「おかげさまで元気に過ごしています」……
あなた自身、こんなふうに言ったことも言われたこともあるかもしれません。「おかげさま」という言葉は挨拶のときによく用いられますが、その本質までとらえている人は少ないようです。
「おかげさまで」と言う人が、目の前の相手に具体的に何かしてもらったわけではありません。元気に過ごすためにアドバイスしてもらったり、精のつくものをもらったりしたということでもないです。
それなのにわざわざ言うのは、感謝を示すためです。その感謝は、特に目の前の相手に限っていません。
すべてのことへの感謝――。それが、「おかげさま」という言葉の本質です。
もっと言えば、生きていることそのものへの感謝――。生きていること自体に感謝しているから、「おかげさまで」という言葉が口を衝いて出るようになります。
このように言われたら、相手も安心します。同時に、うれしくなってきます。それは、感謝の気持ちが相手にも伝わったから。
その言葉をきっかけにして、場が明るく活性化します。相手にも感謝の気持ちが芽生えるようになります。

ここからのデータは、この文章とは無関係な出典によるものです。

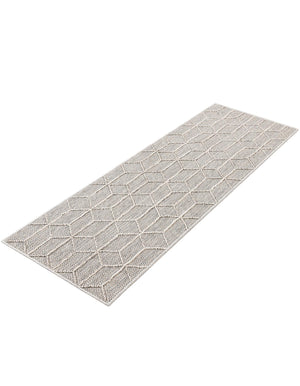 Light Gray 2' x 6' 1 Symphony Outdoor Runner Area Rug Weather Resistant for Patio, Deck, Terrace, Balcony, Porch Durable Outside Carpet for Sale at Rug Engine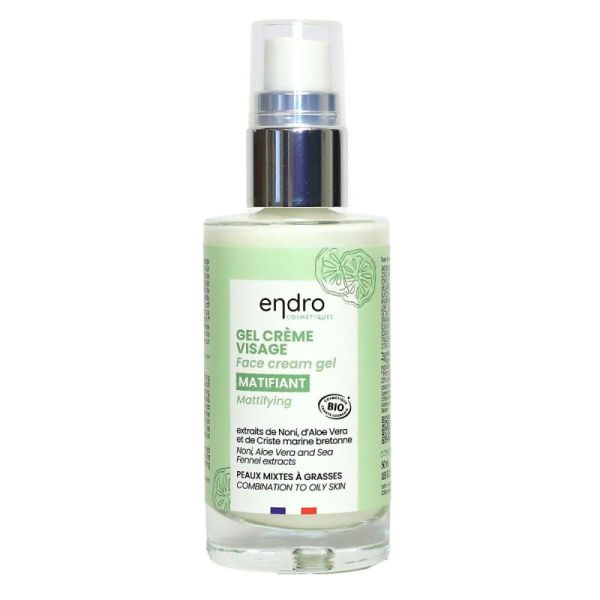 Endro Gel Crème Visage Matifiant Flacon 50 ml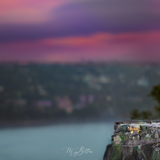 Digital Background: Cliff at Sunset - Meg Bitton Productions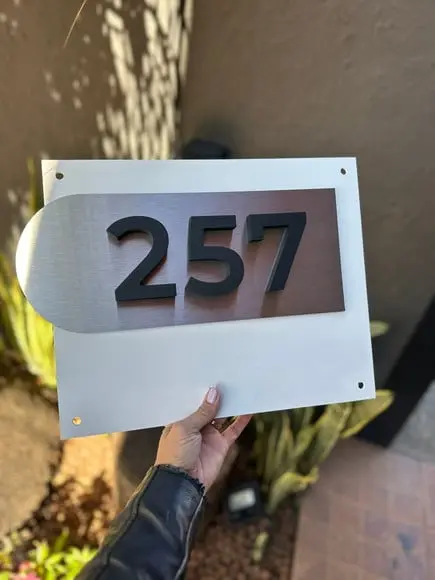 Algarismo Residencial Acm com Pvc - 3 Dígitos 60x45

もし感謝の気持ちがなければ、「お元気ですか?」と聞かれても、「最近はかなりガタがきていまして」と答えるようになります。
それはそれで率直に語っているのかもしれませんが、言われたほうはうれしくもないし、「この人は大丈夫かな?」心配してしまいます。
必然的に場が暗くなって、よどんでいきます。相手も自分も気まずい気持ちになってしまいます。
誰のどんなおかげなのかを明確にしていないから、すべての人に対して言うことができます。生きていることへの感謝を示すものですから、初対面の人に言っても、抵抗なく自然に受け入れられます。
その言葉だけで、場が明るく活性化するのですから、言わないともったいないです。口グセになるくらい使いたいものです。
あなたは今日、「おかげさまで」と言いましたか。場を明るく活性化させましたか?